Gray at this point had 25 points, tying her career high. She then broke it with 2 seconds left, taking an inbounds pass from Candace Parker, dribbling to the left side of the free throw line, and hitting a pull-up jumper. Minnesota then had a turnover, and the Sparks had a 1-0 series lead.

"We had the timeout, and I think we needed that to set up," Gray said of her game winner. "And I just knocked it down.

"I think all athletes dream of that moment, you know, especially at this stage. Last year it was Alana, and then it was Nneka [Ogwumike]. I'm glad it went in."

She was referring to the Sparks' two last-second victories in the WNBA Finals last year in Minnesota. Beard hit a jump shot on an assist from Gray in Game 1, and Ogwumike made the shot that won the championship in Game 5, after she had rebounded a Gray miss.

Gray is just 24 -- she'll be 25 next month -- and playing her third season in the WNBA. She had a tough ending to her college career at Duke, suffering knee injuries that cut short both her junior and senior seasons. She was picked No. 11 in the 2014 WNBA draft by Connecticut, and sat out that season recovering.

She played one year for the Sun, then was traded to the Sparks before last season. Los Angeles gave up center Jonquel Jones to get Gray, but the deal has worked out for both teams. The Sparks needed a point guard who could score and distribute at a high level.

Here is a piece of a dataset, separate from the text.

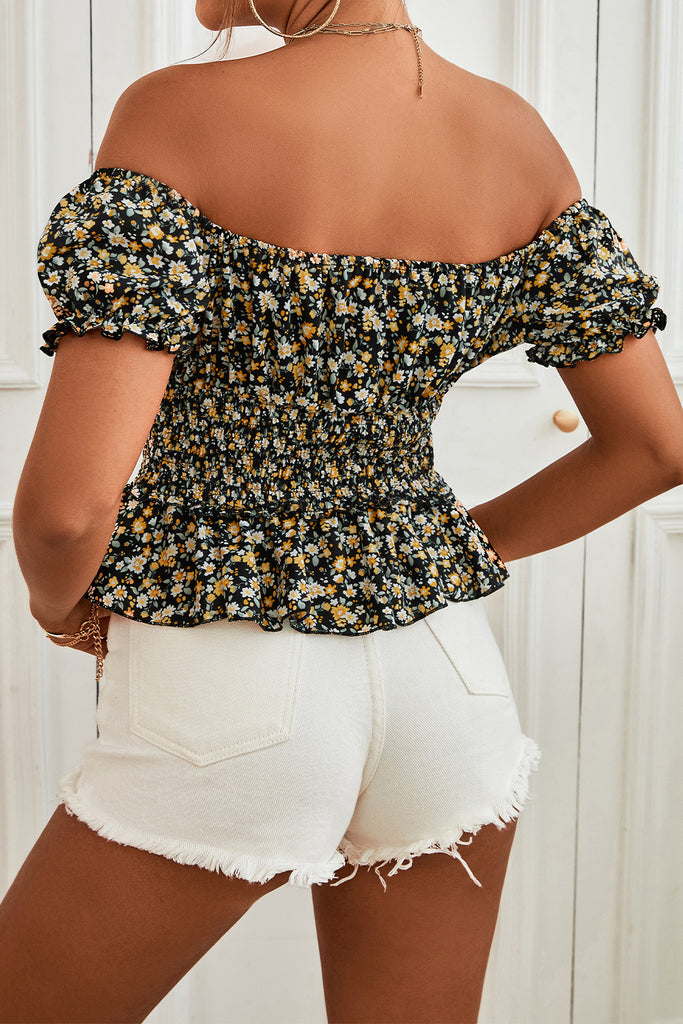 Women's Floral One Line Collar Tie Top
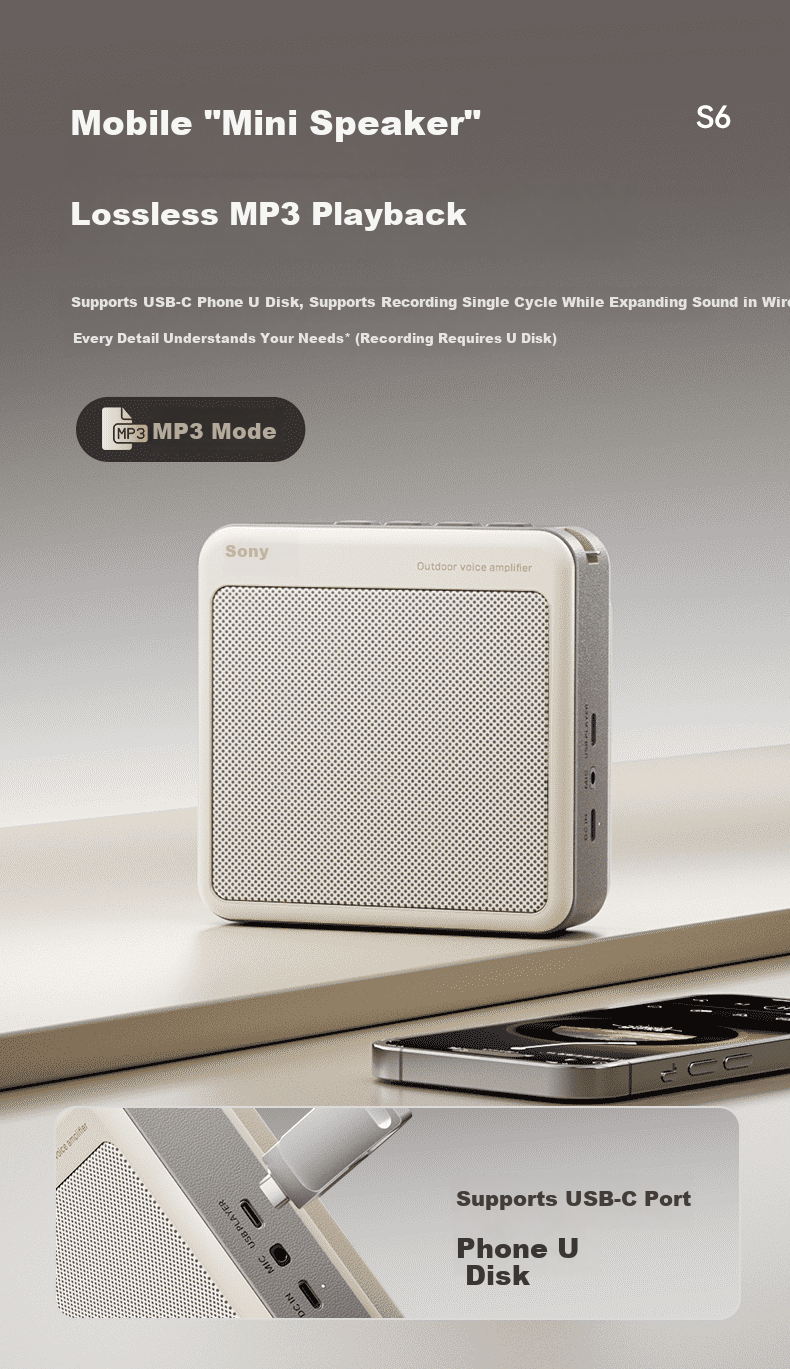 Портативная акустика Soaiy S6, беспроводной микрофон-клипса, 40 Вт, Bluetooth 6.0, водонепроницаемый IPX5, 8000 мАч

Gray has done that.

Beard, a Duke grad who is 10 years older, reached out to Gray when she was still in college, passing on encouragement. Beard missed two WNBA seasons with ankle injuries, so she understood what Gray was going through.

"I had seen her play, and I had a belief in her talent," Beard said. "Stuff like that is just something you have to get through. And she's gotten through it."

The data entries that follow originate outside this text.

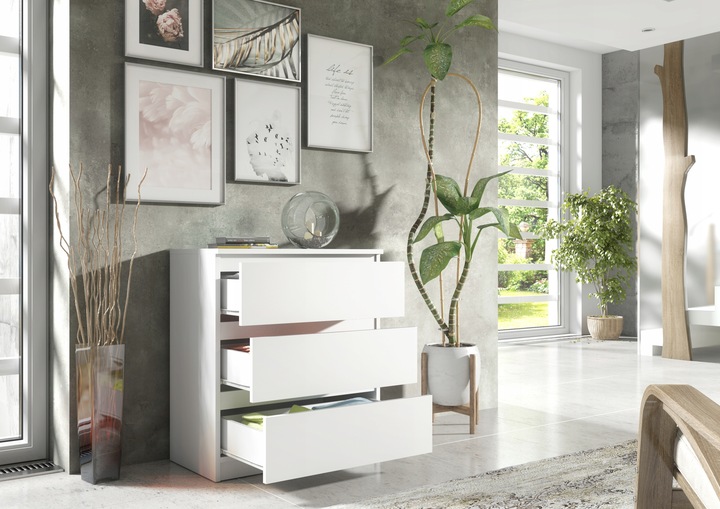 SZAFKA 3 SZUFLADY BIAŁA NOWOCZESNA DO SALONU SYPIALNI MEBLE OD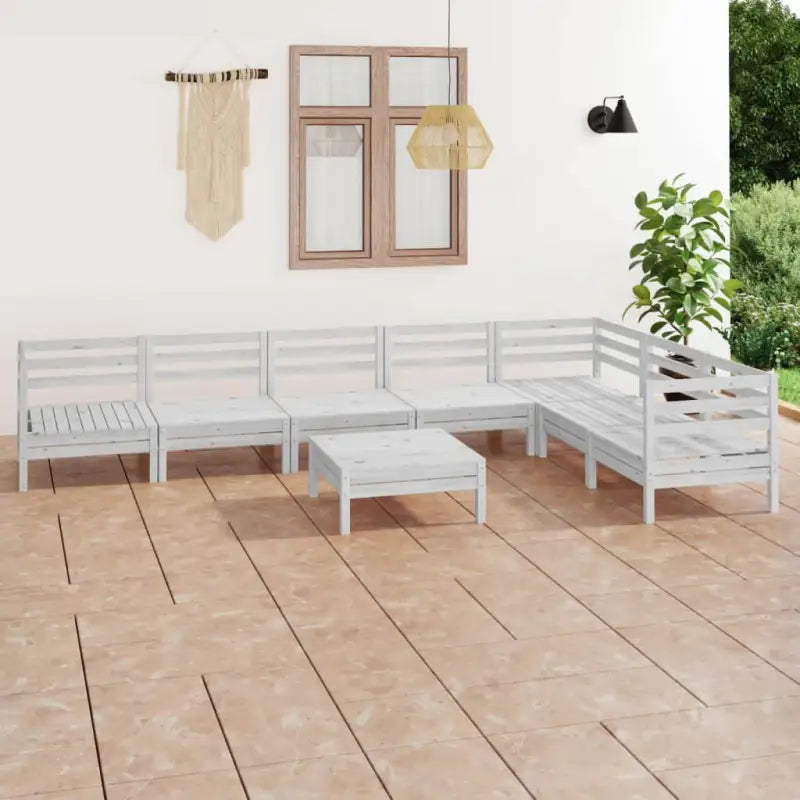 Houten tuinset van massief grenenhout met voetenbank tafel - Tuinsets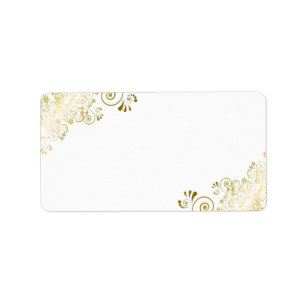 Gold Lace on White Elegant Blank Wedding Address Label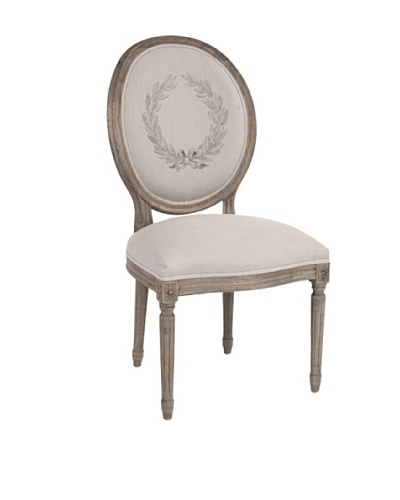 Zentique Medallion Linen & Oak Side Chair, Natural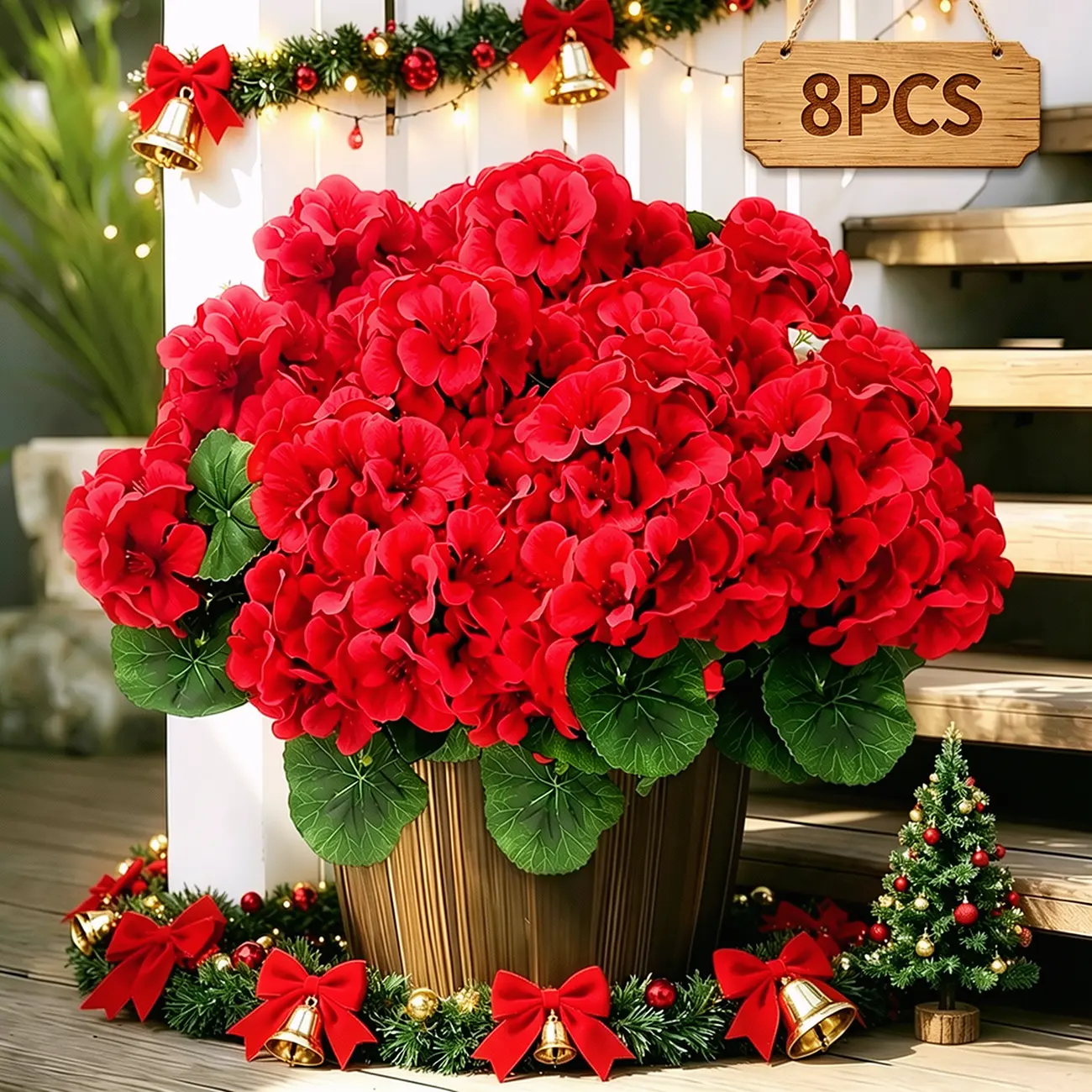 8 Pcs Artificial Geranium Flowers for Outdoors Geranium Silk Red Flower Outdoor UV Resistant Garden Plants Faux Flowers for Christmas Home Kitchen Table Centerpieces Decor (8, Red)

In fact, Gray says now, "It created a mental toughness. Everything happens for a reason, and I'm better for it. When I got hurt in back-to-back years, I didn't know if I would ever be at this point. It was about perseverance."

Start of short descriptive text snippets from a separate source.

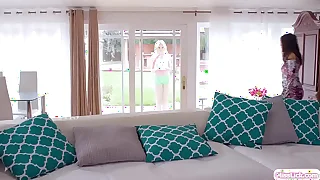 Busty asian gets discouraged on her gorge oneself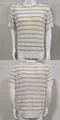 Casual men's crewneck short sleeve knit sweater with beige and white stripes pattern - Khaki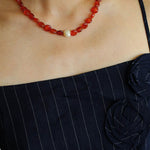 Vantage Red Agate Baroque Pearl Necklace-Gembea Jewelry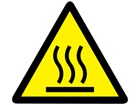 Hot surface warning symbol label.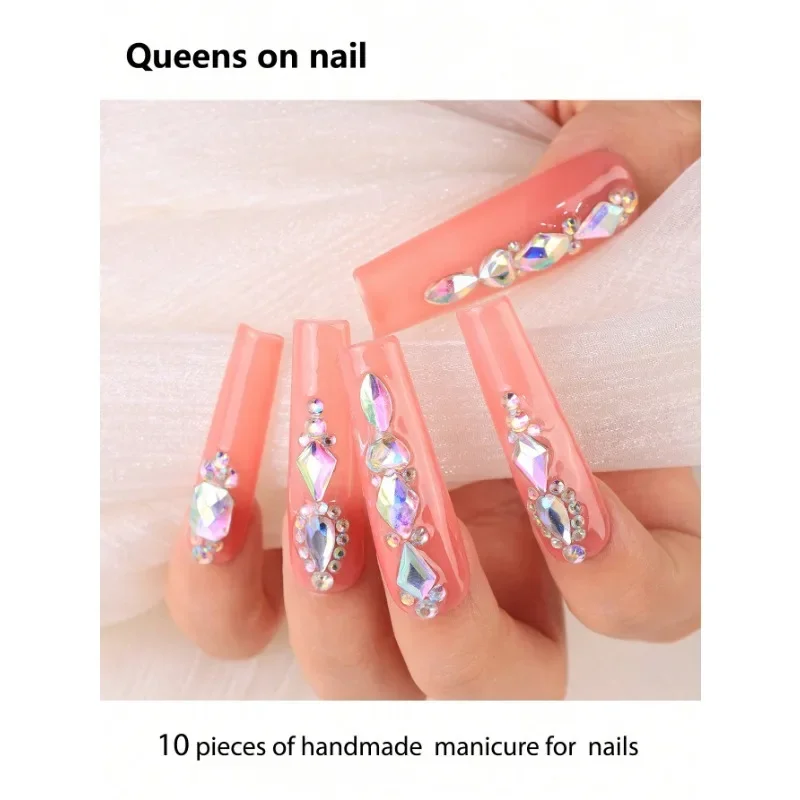 

10 Pieces Handmade press on Nails Extra Long Hose-Shaped A-Shaped Handmade Wear Armor Y2K/Solid Color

Gray's performance was critical Sunday, because the Lynx almost pulled off the biggest rally in WNBA Finals history.

"Gray made some really good plays," Lynx coach Cheryl Reeve said. "Some of the things we were trying to get done, we got done. And she still would make a play."

Reeve acknowledged that on Gray's last shot, where she was guarded by Seimone Augustus with Maya Moore coming in to help, the Lynx just weren't able to close in tight enough on her.

But that's because it's hard to crowd Gray. She's nimble enough to give herself space. Like Gray, Sparks guard Odyssey Sims also is a tough player for the Lynx to stop because of her quickness.

"Let's not forget Odyssey and what she did this game," Parker said of Sims, who finished with 16 points and five assists. "She was unbelievable, defensively picking up the ball as well as running in transition. It was a collective effort, then Chels down the stretch really brought us home."

Parker got called for her fourth foul with just over a minute left in the second quarter, which she said impacted her in the second half, especially on defense. Still, she finished with 15 points, 12 rebounds and four assists.

The Lynx went with a smaller lineup and were able to keep creeping back into the game. When they tied the score for the first time, 78-78, with 2:10 left on Moore's layup after she stole a pass from Gray, Williams Arena was a madhouse.

Gray, though, stayed calm. It's one of the things she has learned to do: not get rattled despite the pressure of the game.

"I have sort of watched this develop over the course of two years now," Agler said of Gray's rapid growth while with the Sparks. "Chelsea made some very, very big plays throughout the course of the game."

After the game, though, Gray talked about her mistakes, an indication of how mature she has become even so young.

"I tried to stay poised, but I had too many turnovers," said Gray, who had five giveaways to six assists. "I've gotta be smart about that going into Game 2."

But the fact that the Sparks will enter that game Tuesday with the upper hand was thanks largely to Gray. The opener might not have gone exactly as the Sparks would have mapped it out. But in the biggest moment Sunday, Gray had the answer.